*DATA EXTRACT:*
---*---

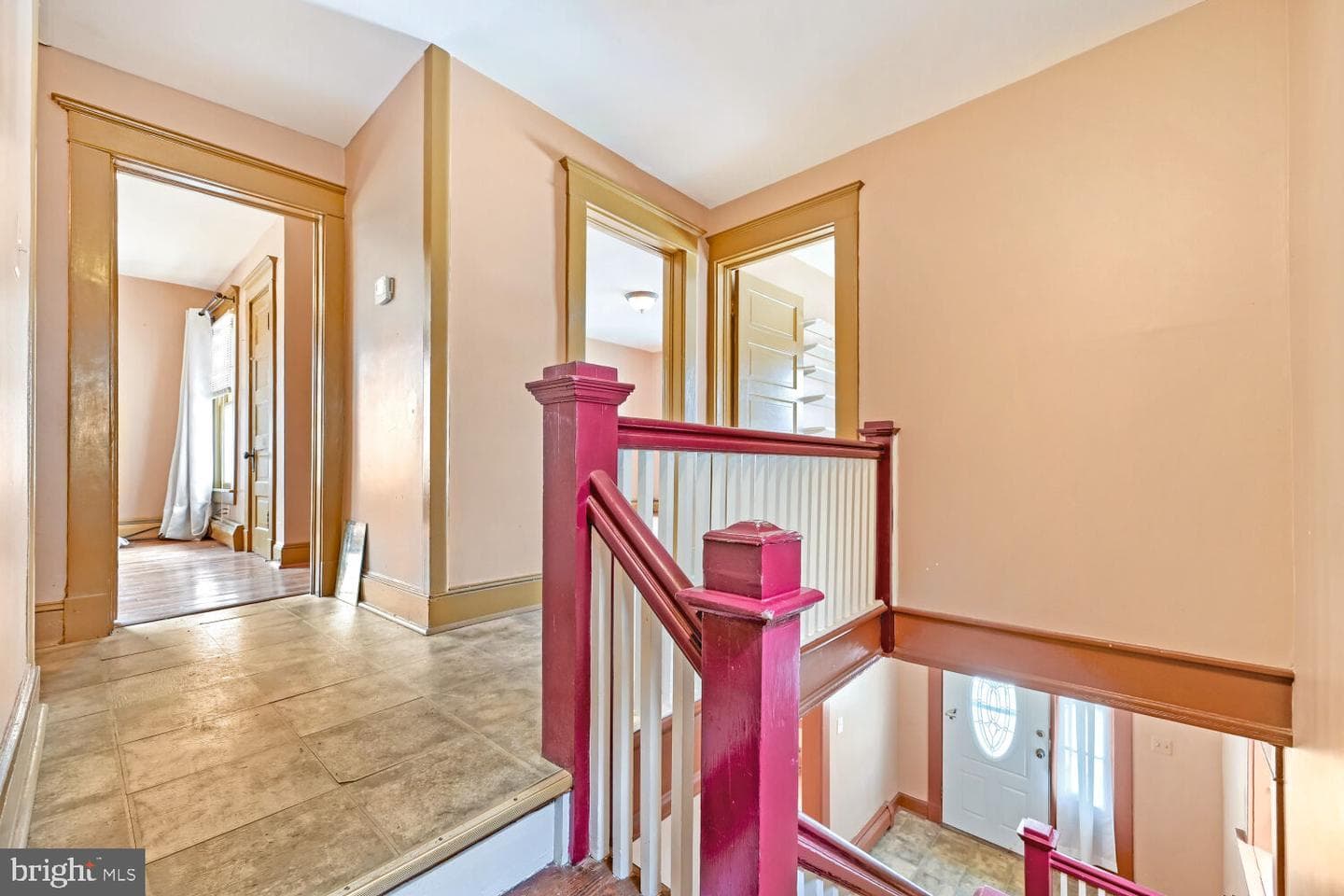 31 Lafayette Avenue photo 17
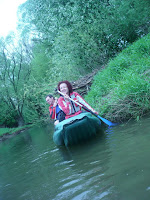 04.jpg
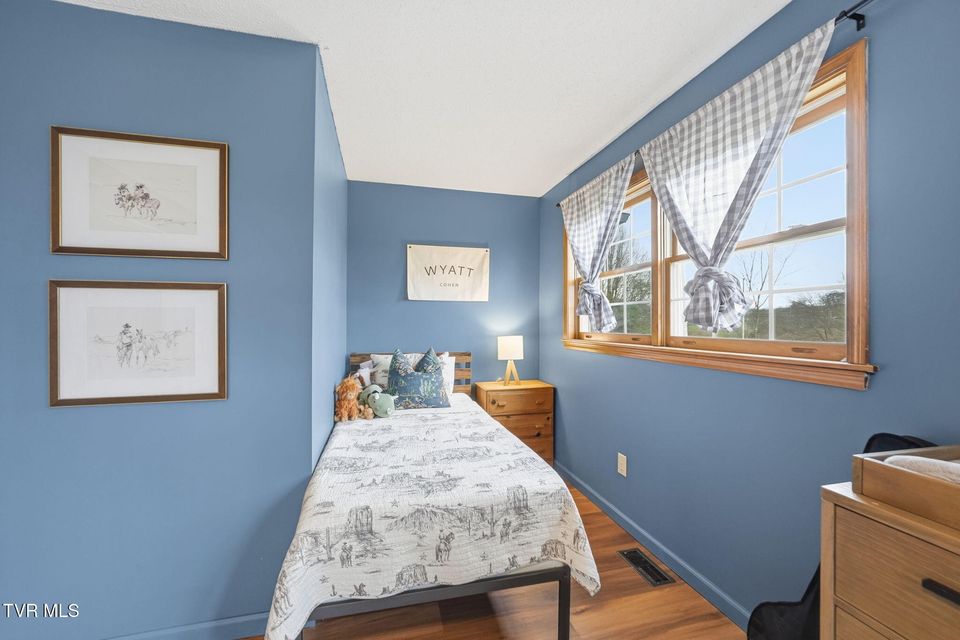 Photo #25: 2254 Boones Creek Road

---*---

*EXERCISE PROMPT:*
What is needed is an exact copy of all the data, with no images in it.

*WRITTEN SOLUTION:*
 31 Lafayette Avenue photo 17
 04.jpg
 Photo #25: 2254 Boones Creek Road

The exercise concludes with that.